Records shown START

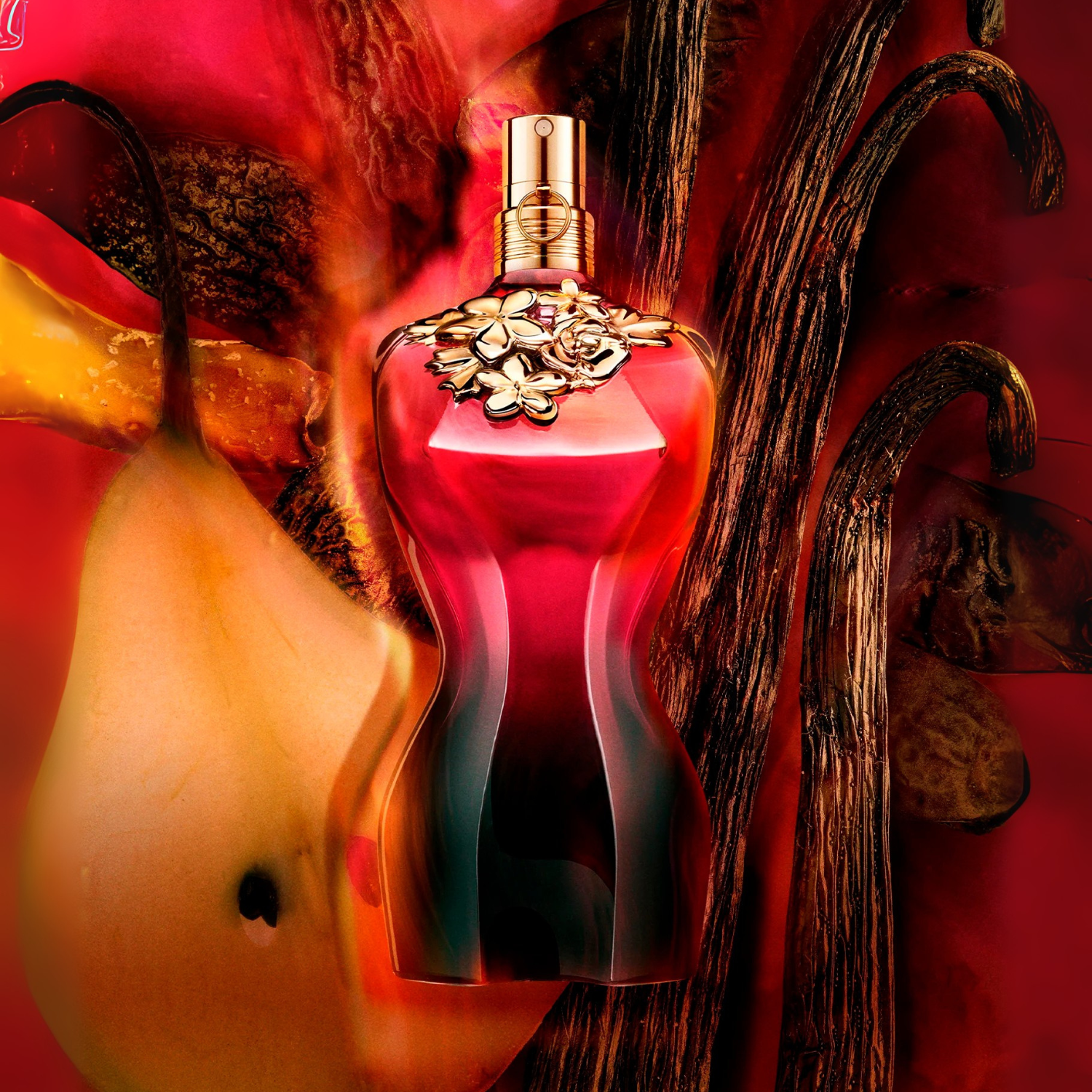 Close-up do frasco do perfume La Belle Le Parfum Jean Paul Gaultier em um fundo avermelhado, com uma pera amarelada e favas de baunilha, sugerindo notas frutadas e orientais da fragrância.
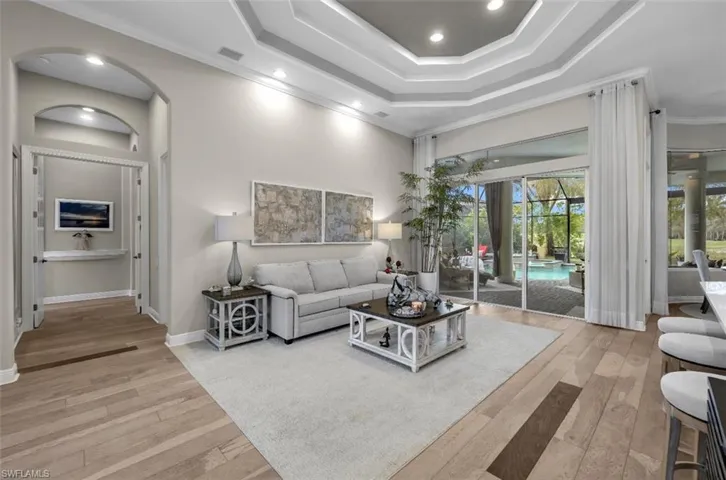 Living room featuring ornamental molding, light wood-style flooring, recessed lighting, a towering ceiling, and arched walkways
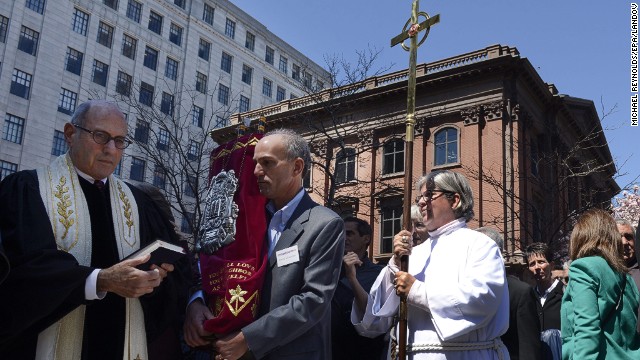 Leaders of an interfaith service participated in a vigil at the memorial for the victims of the Boston Marathon bombings, near the finish line on Boylston Street in Boston on April 21.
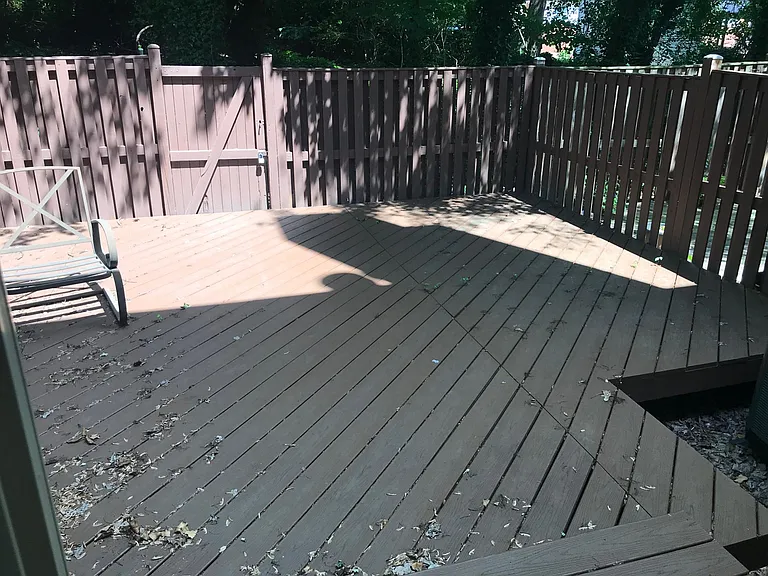 Fenced deck area (ground level)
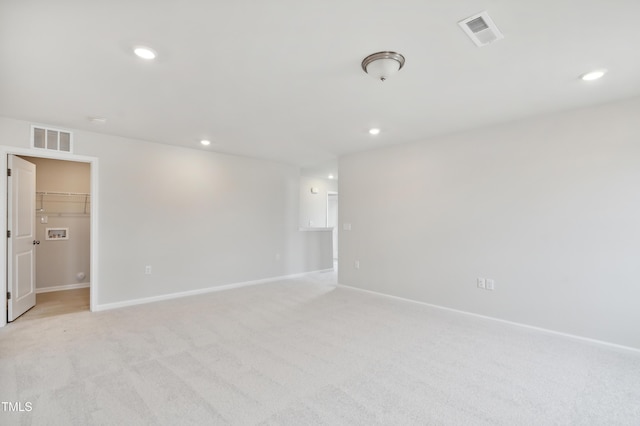 empty room with light colored carpet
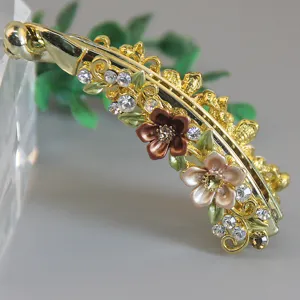 Gold-tone banana hair clip featuring sparkling rhinestones and colorful enamel floral accents.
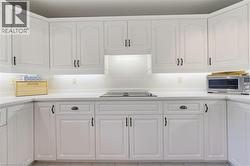 Kitchen featuring extensive white cabinetry, light countertops, an integrated cooktop, subway tile backsplash, and under-cabinet lighting - 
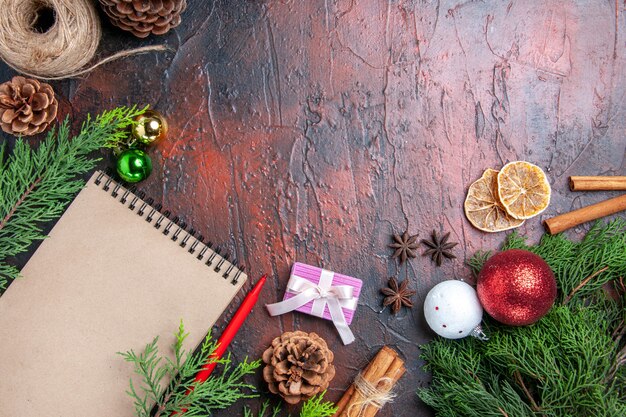 Top view red pen a notebook pine tree branches xmas tree balls and gift cinnamon anises straw thread dried lemon slices on dark red surface free space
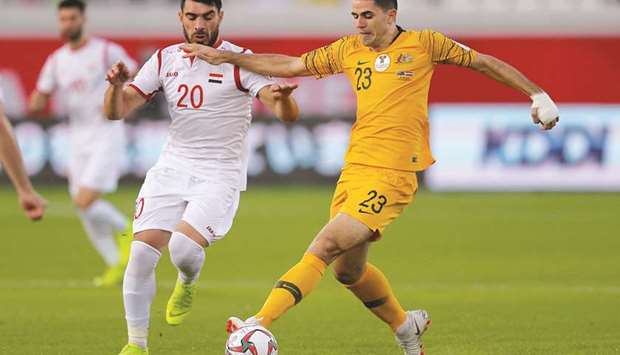 Syriau2019s Khaled al-Mbayed (L) in action with Australiau2019s Tom Rogic during their Asian Cup match yesterday.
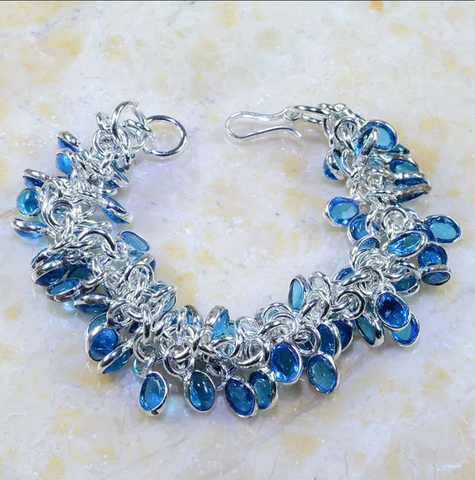 silver, blue topaz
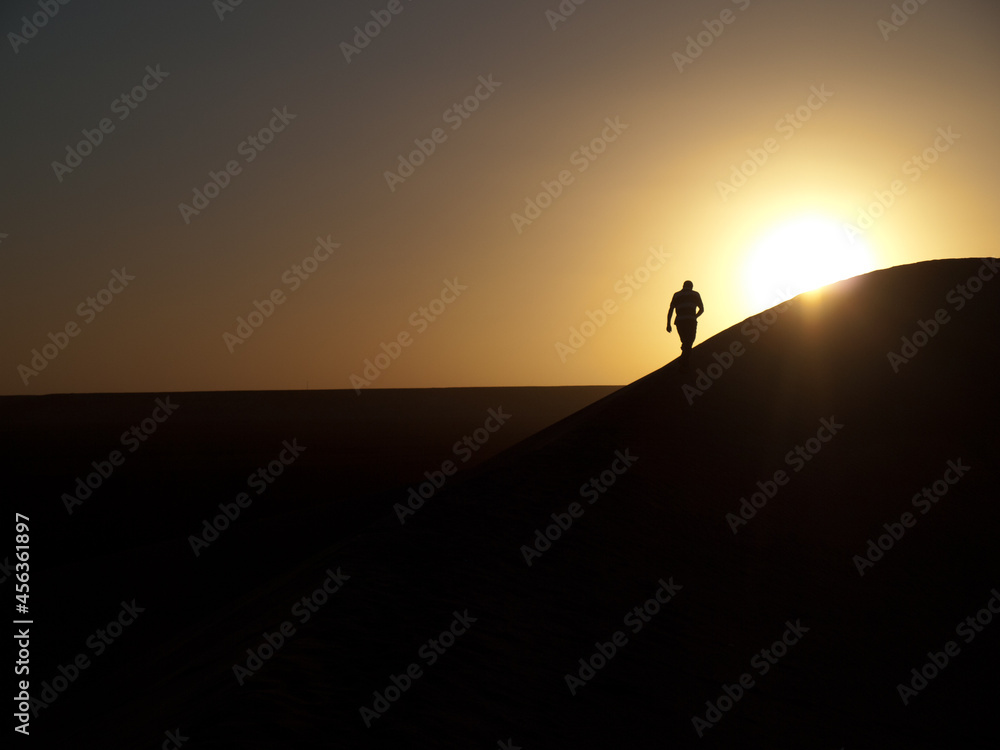 Man silhouette walking in sand dune at sunset
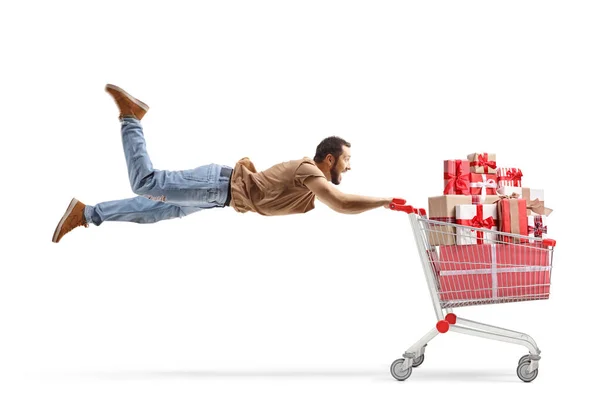 カジュアル男飛行と開催ショッピングカートフルのプレゼント隔離された白の背景 — ストック写真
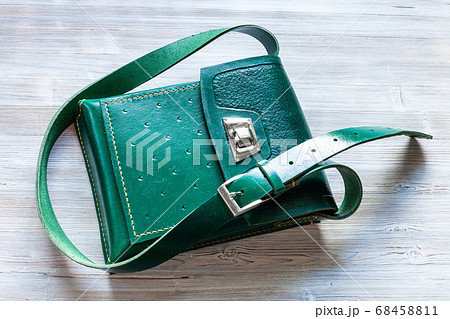 top view of handmade leather tablet bag on gray 68458811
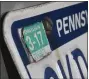  ?? BEN HASTY — MEDIANEWS GROUP ?? Pennsylvan­ia stopped using vehicle registrati­on stickers in 2017, but state lawmakers are considerin­g bringing them back.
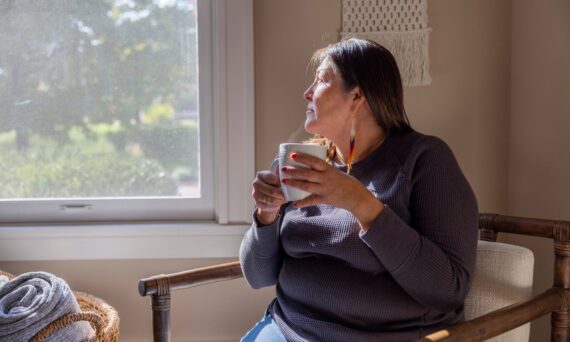 Native American woman looking out a window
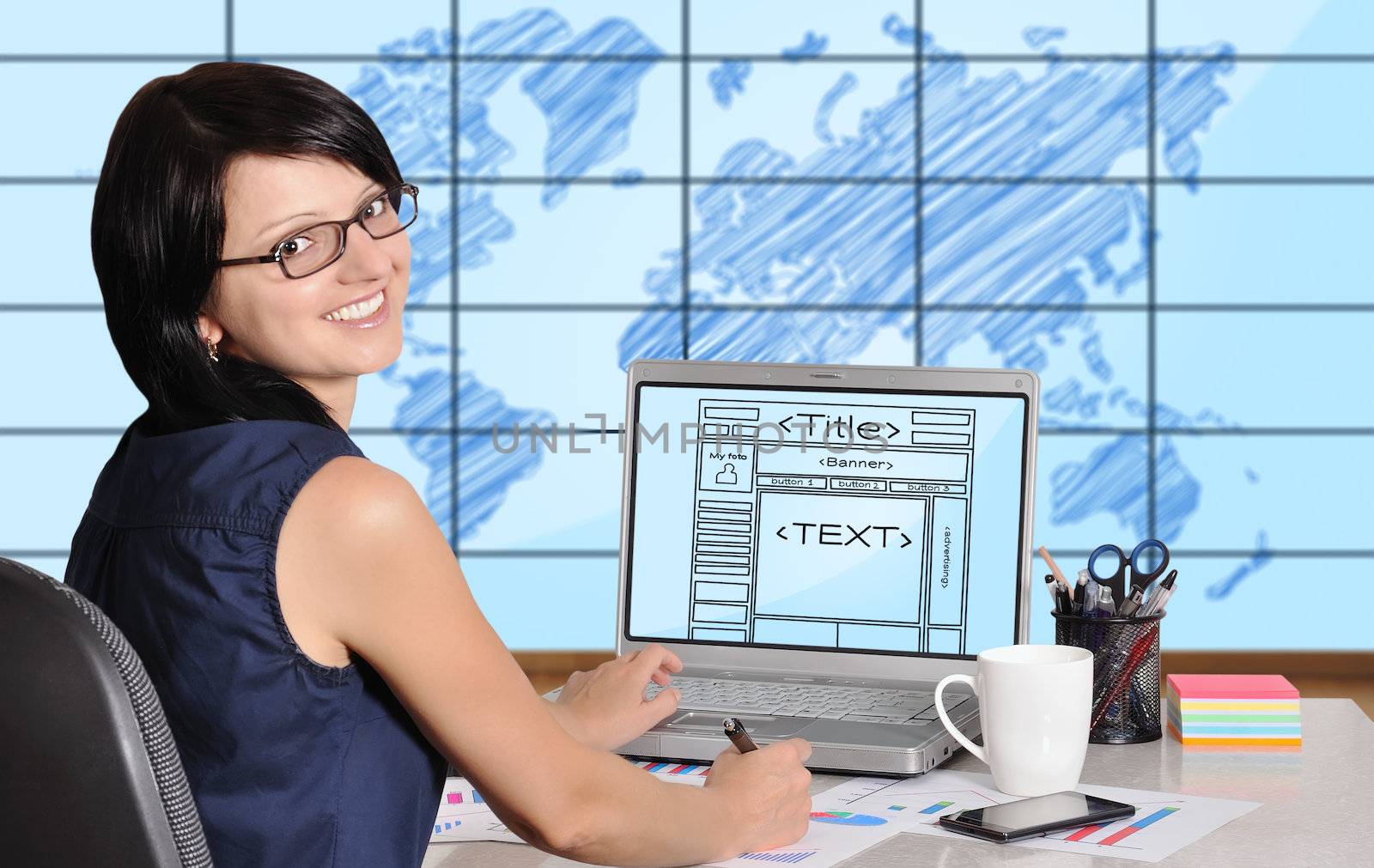 woman sitting in office and web page on screen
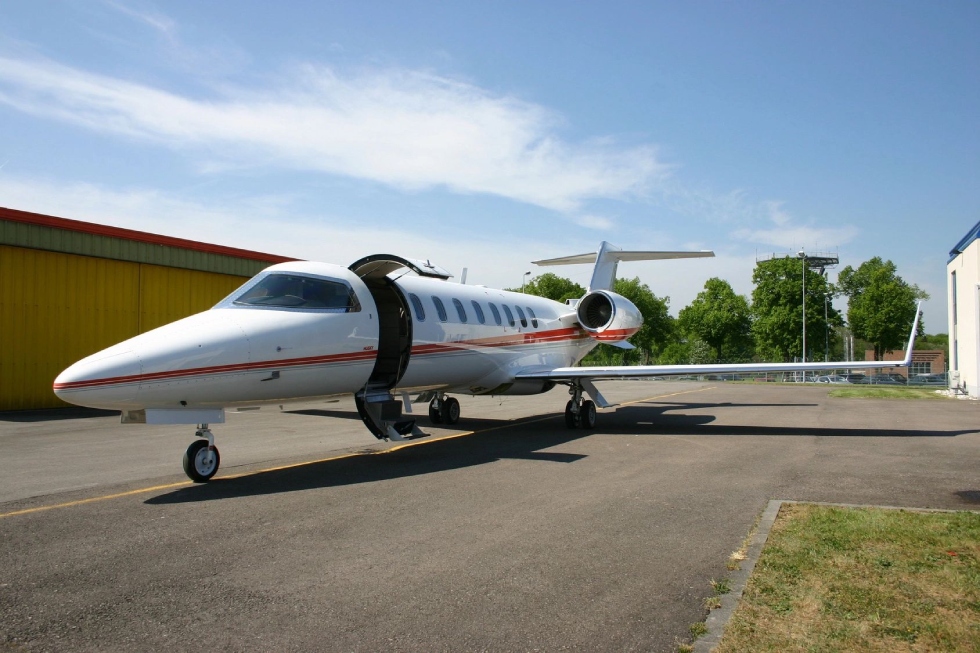 A small white airplane sitting on top of an airport runway.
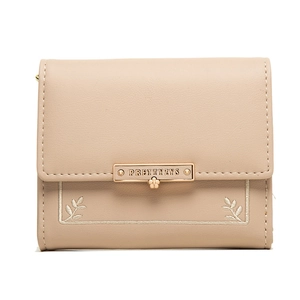 Close-up of apricot PU leather wallet with elegant leaf embroidery and gold floral clasp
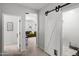 Hallway with white sliding barn door featuring a pet door, leading to a living area with a gray sofa at 21407 W Hubbell St, Buckeye, AZ 85396
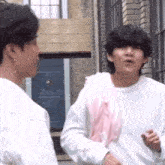 two men are standing next to each other in front of a building and talking .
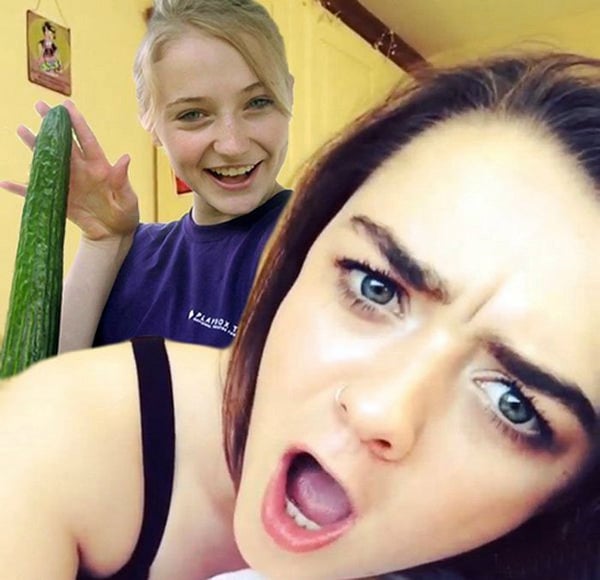 A girl is holding a cucumber and making a face, expressing her reaction to it.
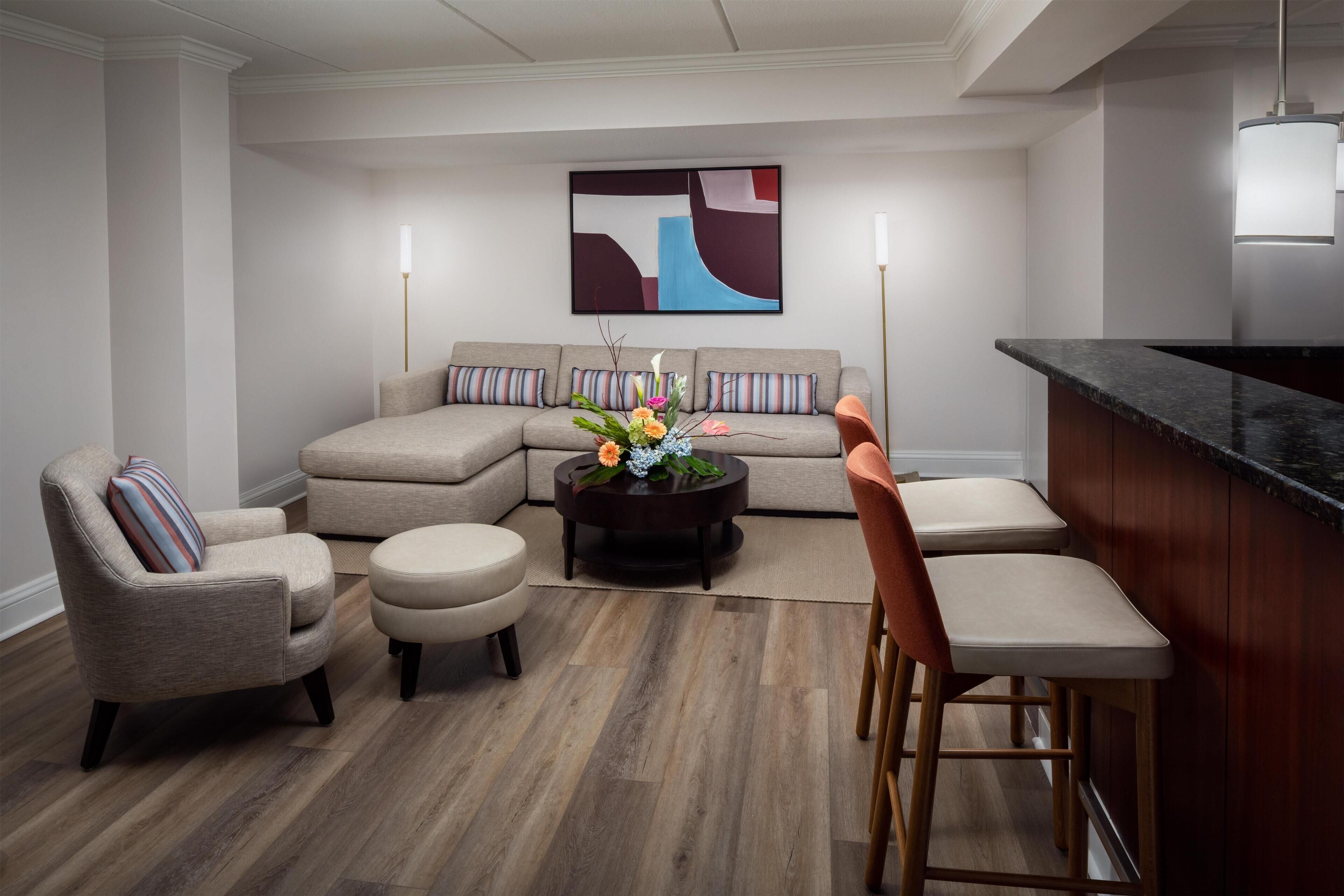 Una sala de estar moderna con un sofá seccional, dos sillones, una mesa de centro con flores y una zona de bar.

Records shown END

_Task objective_: Your reply should consist only of the lines running from the line with "Native American woman looking out a window" to the end of the entries, both included, copied exactly and without any pictures.

_Task response_:
 Native American woman looking out a window
 woman sitting in office and web page on screen
 A small white airplane sitting on top of an airport runway.
 Close-up of apricot PU leather wallet with elegant leaf embroidery and gold floral clasp
 Hallway with white sliding barn door featuring a pet door, leading to a living area with a gray sofa at 21407 W Hubbell St, Buckeye, AZ 85396
 two men are standing next to each other in front of a building and talking .
 A girl is holding a cucumber and making a face, expressing her reaction to it.
 Una sala de estar moderna con un sofá seccional, dos sillones, una mesa de centro con flores y una zona de bar.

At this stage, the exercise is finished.